This is a short post with a useful recommendation regarding performance when working with parameters and extracts in Tableau. One of the common uses of parameters is to create something that can be called "dynamic measures". An example:
Say we are working on the usual Superstore data, but this time we have exchange rate data as well:
We'll extract the data first. Then, what we want, is to be able to dynamically select which currency to display our sales. This can be achieved using a well-known method involving a parameter:
- We create a parameter to select which currency we want to display sales in:
- We can then create the calculated field that will apply the "magic":
case [Select Currency]
when 0 then [Sales EUR]
when 1 then [Sales EUR] * [Exchange USD]
when 2 then [Sales EUR] * [Exchange PLN]
when 3 then [Sales EUR] * [Exchange AUD]
when 4 then [Sales EUR] * [Exchange BRL]
- And there we are! We can dynamically choose which currency to display our sales in:
Now this is not quite the point of this post though. As mentioned, we're focusing on optimizing the performance of our sheet fed by data that was extracted. Take a moment and try to find out what is not optimal about this setup before continuing.
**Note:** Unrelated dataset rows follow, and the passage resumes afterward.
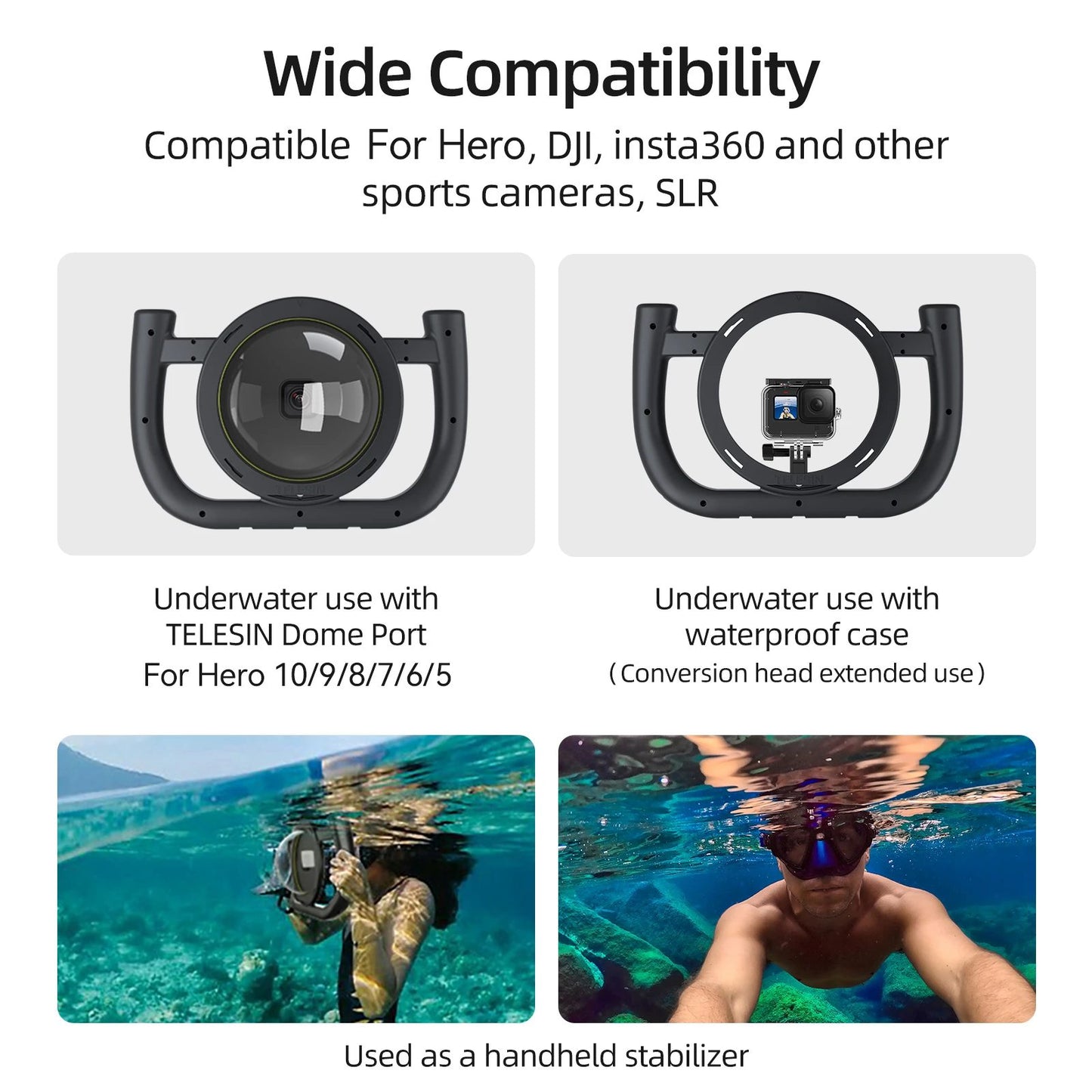Uniqkart GP-DSD-001 For GoPro Dome Port Action Camera Waterproof Housing Handheld Diving Stand Rig Stabilizer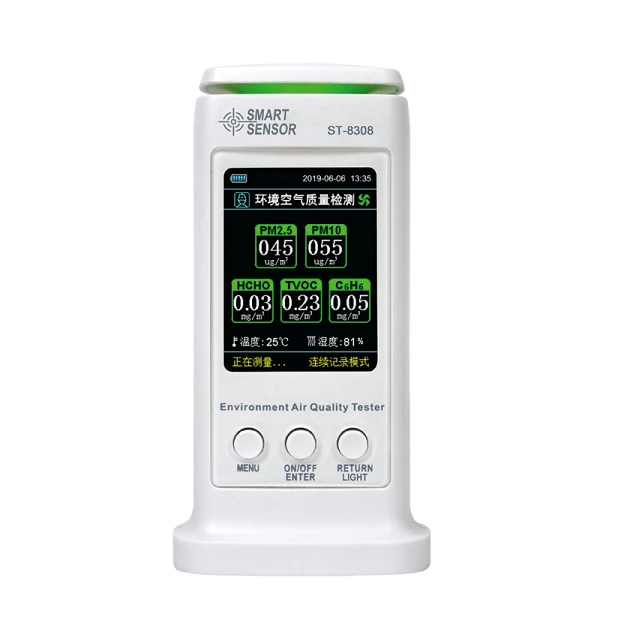 SMART SENSOR ST8308 ST8308A HCHO, TVOC, C6H6, Temperature and Humidity, PH2.5/PM10, WiFi Ambient Air Quality Detector
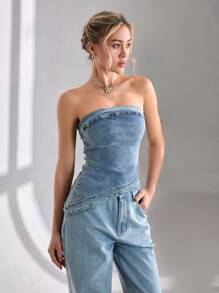 CLARA VERO Women Elegant Asymmetrical Hem Tube Denim Top - Medium Wash - View 7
To find the answer, you should know something about how Tableau Extracts work. One of the things Tableau does when extracting or refreshing data (or when you optimize an extract), is materializing columns. That is, Tableau will pre-calculate all calculated fields it can at row-level, and store those in the extract to gain time not having to calculate them. There are a few exceptions to this rule. Tableau will not (be able to) materialize fields in these cases:
- Calculations containing table calculation
- Calculations that are non-deterministic (using functions with varying results, such as NOW() or with parameters, user functions (USERNAME(), ISMEMBEROF()) or LoD calculations (including FIXED))
- Calculations using external functions such as RAWSQL and R or Python
You'll be quick to see that the second item in this list will prevent Tableau from pre-calculating our field. In this case that wouldn't make a big difference, but in some, this may have a considerable impact. There's something very simple that can be done to make sure Tableau does materialize our calculation though. We can simply split it up into separate calculations that are stable, and only apply the parameter trick afterwards:
Now that these fields are stable, Tableau can materialize them to optimize performance! All we have to do is adapt the last calculation in the stream as well:
While this may seem like an inconspicuous change, the impact can be important. There are cases, when working on large amounts of data (say, 50M rows) where this will make a difference between a 30 second loading time or a 3 second loading time.
In summary: when working with parameters and when you already have extracted data, keep the calculations involving the parameters as far "down the stream" as possible, i.e. involve them as late as possible, so Tableau can materialize as many fields as possible.